Input for this task –
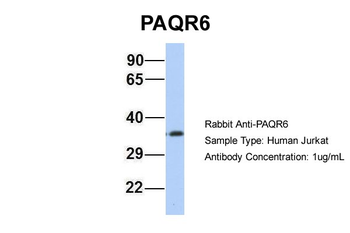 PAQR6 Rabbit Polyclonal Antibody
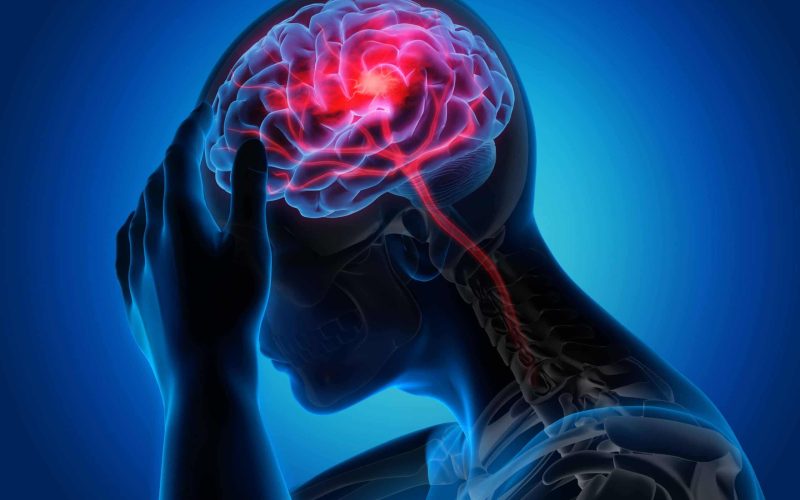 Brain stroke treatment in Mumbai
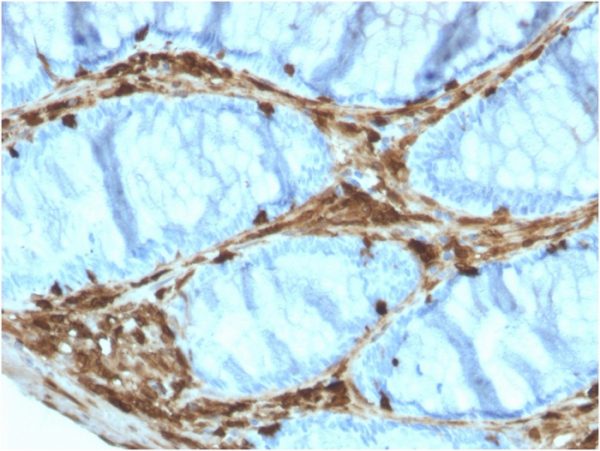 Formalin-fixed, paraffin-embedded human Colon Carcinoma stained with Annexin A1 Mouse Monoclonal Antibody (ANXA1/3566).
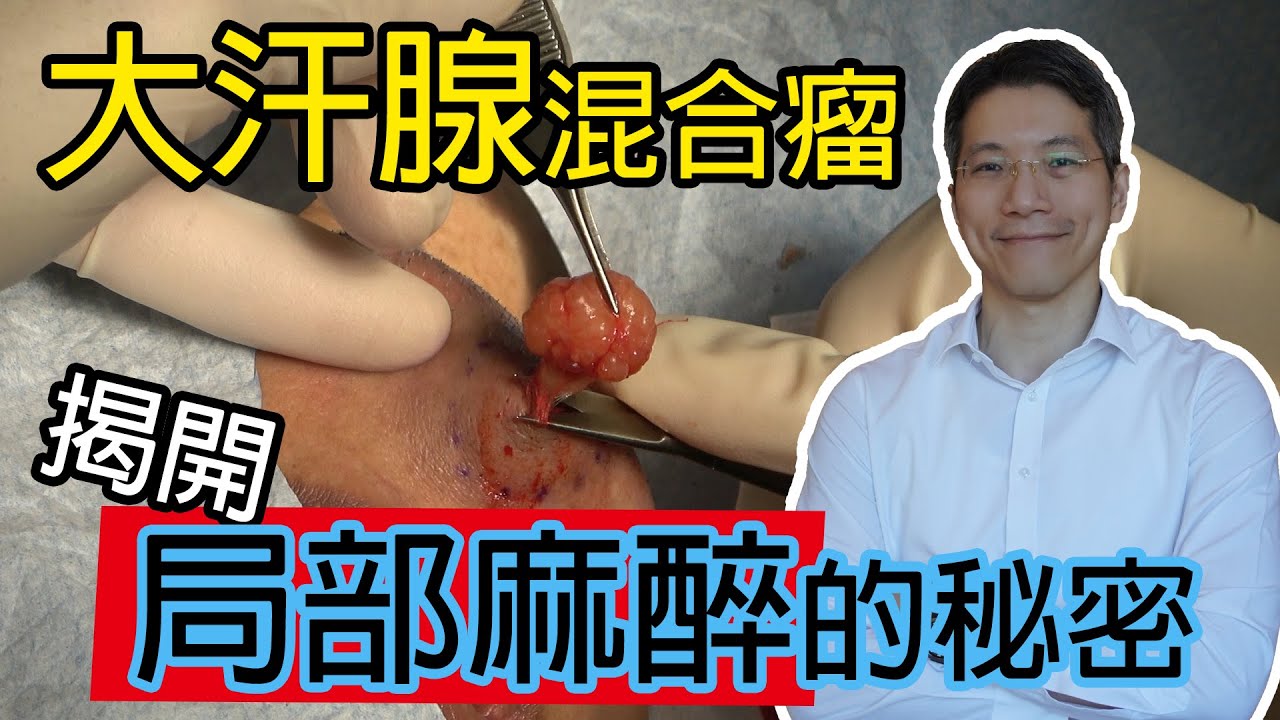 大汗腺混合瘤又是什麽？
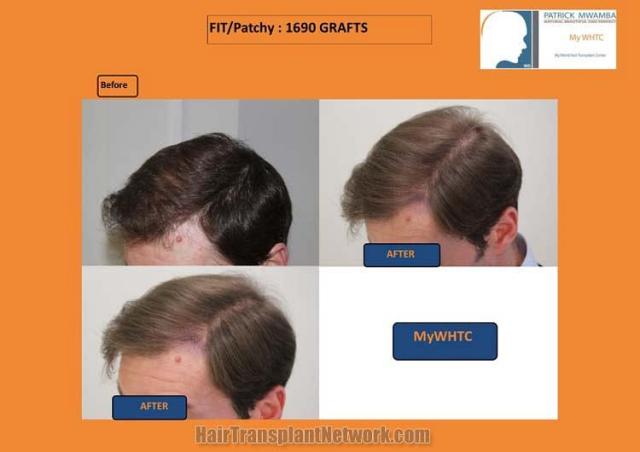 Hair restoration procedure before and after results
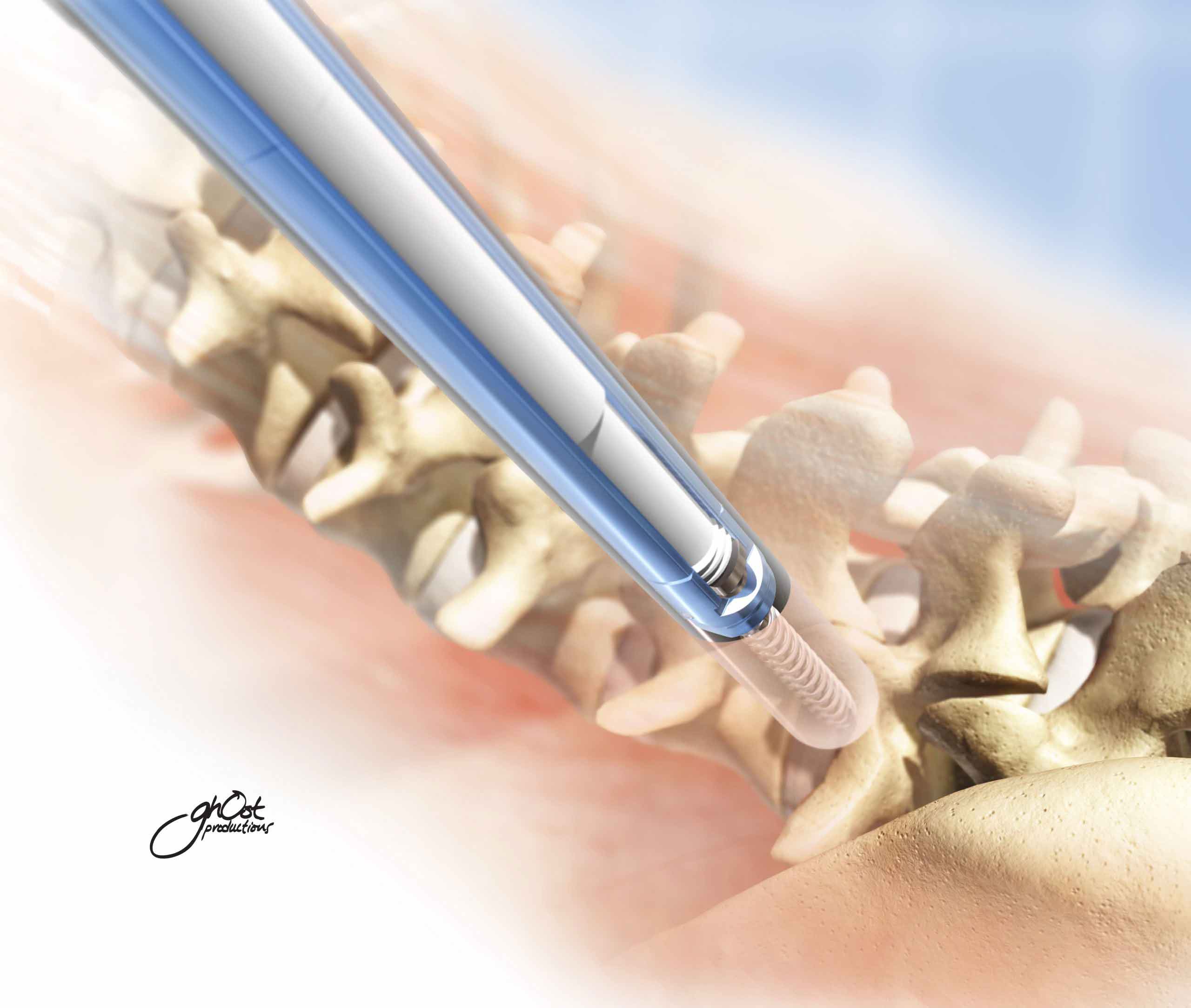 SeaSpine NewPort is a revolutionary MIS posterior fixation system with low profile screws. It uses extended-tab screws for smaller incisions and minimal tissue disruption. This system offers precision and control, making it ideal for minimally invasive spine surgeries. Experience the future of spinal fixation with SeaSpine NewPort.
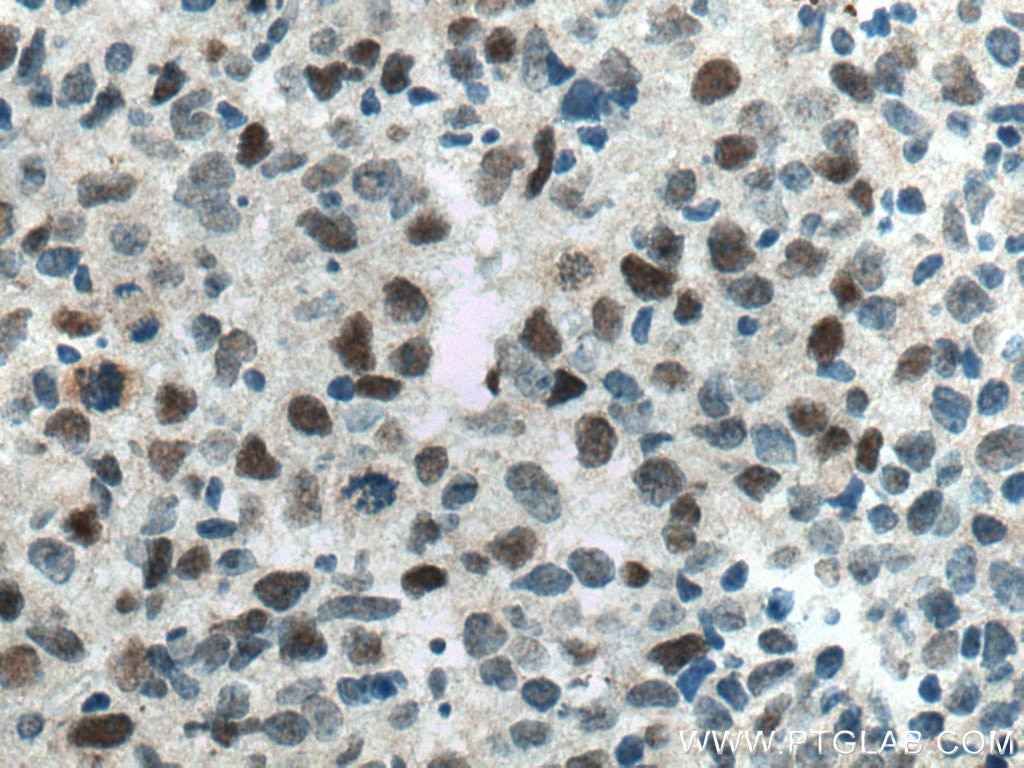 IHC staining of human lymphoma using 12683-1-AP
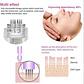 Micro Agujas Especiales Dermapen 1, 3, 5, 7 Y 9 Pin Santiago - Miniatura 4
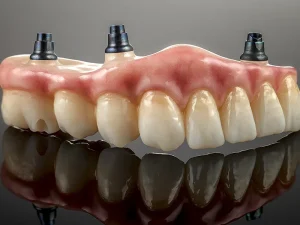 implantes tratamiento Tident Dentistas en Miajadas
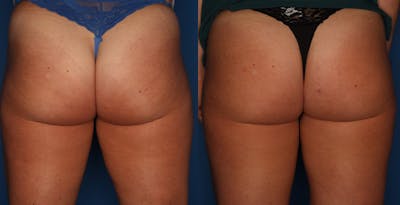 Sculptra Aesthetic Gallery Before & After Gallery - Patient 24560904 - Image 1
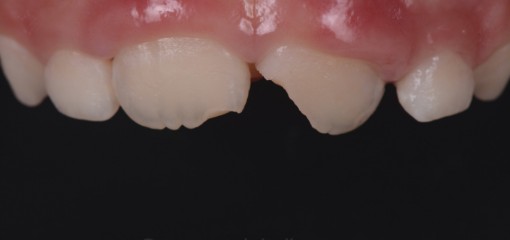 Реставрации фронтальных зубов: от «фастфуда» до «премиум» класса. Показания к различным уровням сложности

What the task requires –
Print an exact copy of the lines above, from the one containing "Brain stroke treatment in Mumbai" through the one containing "Hair restoration procedure", and leave out the pictures.

Finished exercise –
 Brain stroke treatment in Mumbai
 Formalin-fixed, paraffin-embedded human Colon Carcinoma stained with Annexin A1 Mouse Monoclonal Antibody (ANXA1/3566).
 大汗腺混合瘤又是什麽？
 Hair restoration procedure before and after results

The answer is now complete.